Deséame Chapter 68

 Capítulo 68

* * *

«Maldito lunático». 

Dane estaba sentado con los brazos cruzados, las piernas abiertas, y una de ellas temblaba frenética. Frente a él, Grayson Miller estaba sentado con las piernas juntas de manera recta, mirándolo fijamente con los ojos brillantes.

Después de todo el alboroto, Dane tuvo que golpear la pared varias veces para calmarse. Y apenas unos diez minutos atrás había logrado tranquilizarse un poco, con la mano hinchada y llena de heridas. 

—Ahaa...

Dane cerró los ojos, soltó un profundo suspiro y luego los abrió lentamente. Estaba seguro de que ese control remoto era falso. Si las cosas salían mal, él mismo estaría en peligro, y Grayson no era el tipo de persona que arriesgaría su vida con una estupidez así. 

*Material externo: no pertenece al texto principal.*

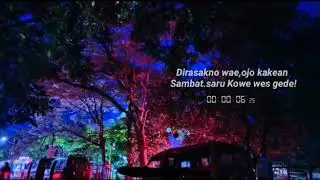 Viral!! Sampek tuek ]deny caknan - story wa 30 detik viral!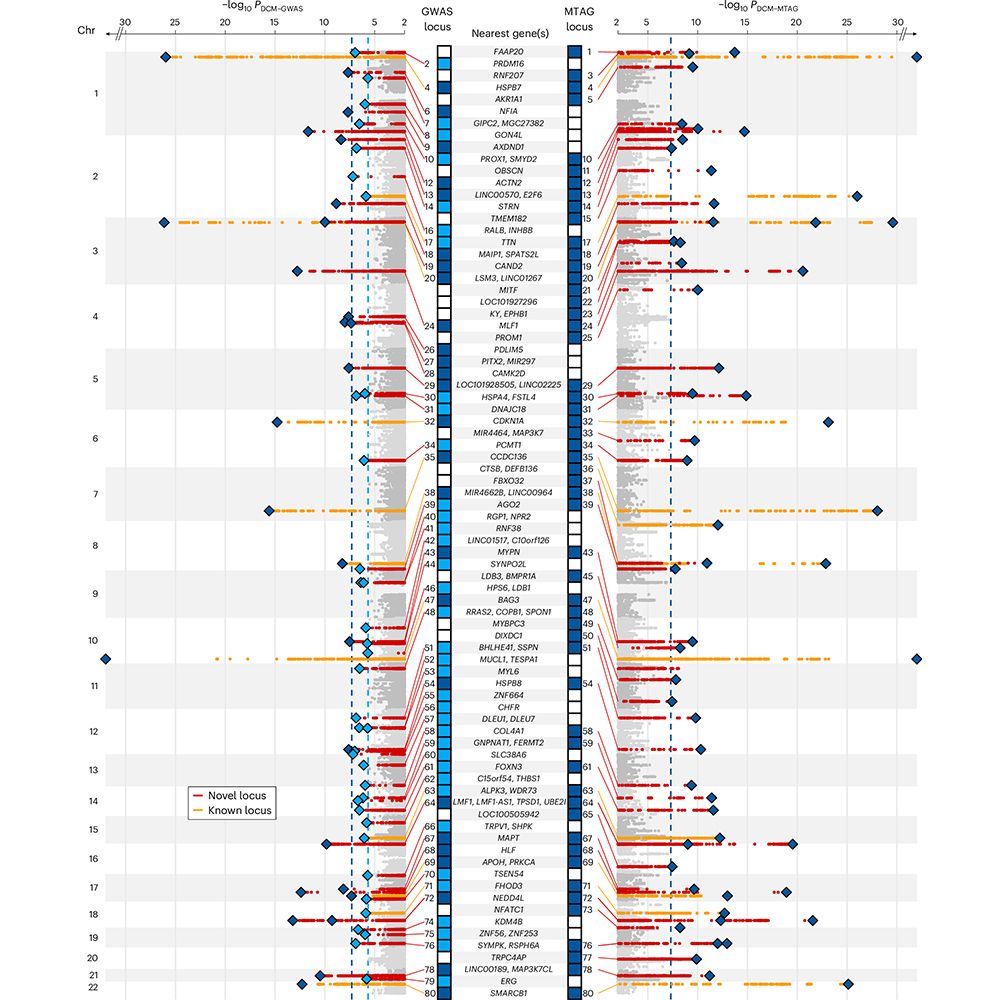 Genome-wide association analyses in Nature Genetics provide insights into the molecular etiology of dilated cardiomyopathy, which may inform the design of genetic testing strategies and may facilitate the development of targeted therapeutics. https://go.nature.com/4fIkNmh 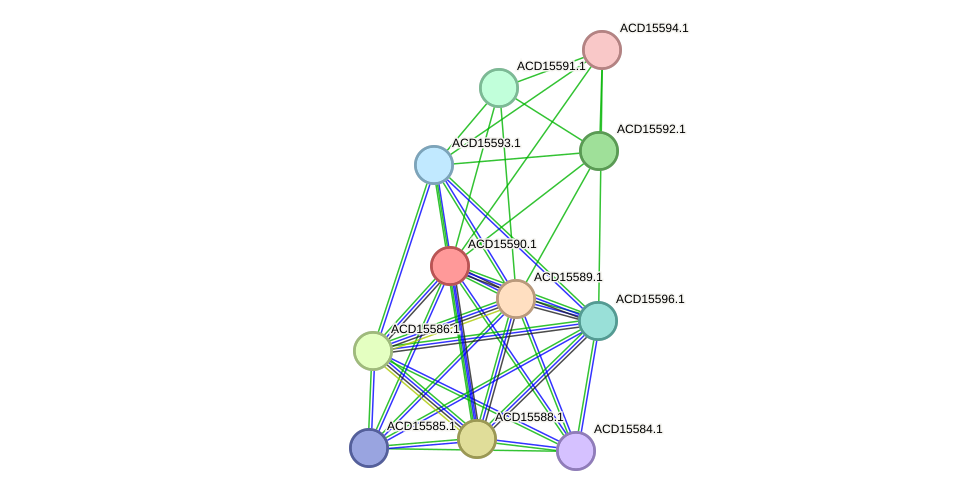 STRING protein interaction network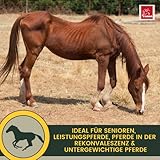 Pferd Aufbaufutter + Amino Booster 6 kg 30ml Pulver Muskelaufbau Pferde Aminosäuren Sojaschrot Protein Pferd | Vitamin E Selen B-Komplex Zink Biotin Muskel Plus Ergänzungsfutter Muskulatur Gewicht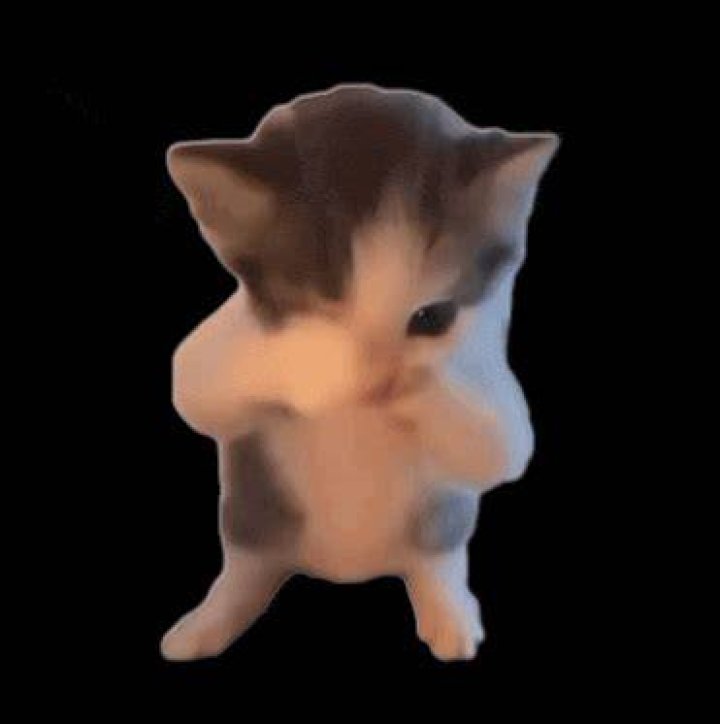 Cat Doing the Scuba Dance: The Viral Sensation Explained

Si aguantaba unos días, Grayson se cansaría y se rendiría. 

Incluso si no lo hacía, con el tiempo aparecería una oportunidad. Hasta entonces, haría lo que fuera necesario para encontrar una manera de escapar. Pero por ahora, no tenía más opción que ganar tiempo. 

Sin embargo, había algo que necesitaba saber antes. 

—¿Qué es lo que realmente quieres al hacer todo esto? ¿Hiciste toda esta locura solo para saber mi tipo de casta?

—No.

Contra todo pronóstico, Grayson negó la suposición de Dane. Cuando este frunció el ceño, como preguntándole entonces qué era, Grayson sonrió con diversión y respondió:

—Quiero acostarme contigo.

—Ah.

Dane, incrédulo, inclinó la cabeza hacia atrás. Miró por un momento la lámpara de techo lujosa y luego bajó la vista hacia Grayson. Lentamente, se levantó del sofá. 

—Pon tu culo, te lo meteré. Si mientras lo hago vomito en tu espalda, no te quejes.

—No.

Grayson negó de inmediato mientras Dane se desabrochaba el cinturón. Cuando Dane detuvo sus manos, Grayson añadió con una sonrisa radiante: 

—Hay algo que necesito ver. Si tú me lo haces, no podré verlo.

«¿Qué tonterías está diciendo ahora?» 

—¿Ver qué?

Cuando preguntó con el rostro todavía fruncido, de repente Grayson entrecerró los ojos. Era otra reacción inesperada. Al ver que Dane fruncía aún más el entrecejo, la comisura de los labios de Grayson se curvó en una sonrisa sutil.

—No lo sabes, ¿verdad?

—¿Saber qué?

Dane lo presionó de nuevo, pero Grayson solo seguía sonriendo con esa expresión desconcertante. Aunque le daban ganas de darle un puñetazo en la cara, se contuvo. Ahora mismo necesitaba conservar su energía. Nunca sabía cuándo llegaría la oportunidad... 

Mientras pensaba eso, algo hizo clic en la cabeza de Dane. Miró a Grayson con desconfianza y habló despacio.

—¿No me digas que también tienes comida preparada?

Grayson siguió sonriendo y parpadeó. Ante otra reacción inquietante, Dane apretó los dientes con furia. 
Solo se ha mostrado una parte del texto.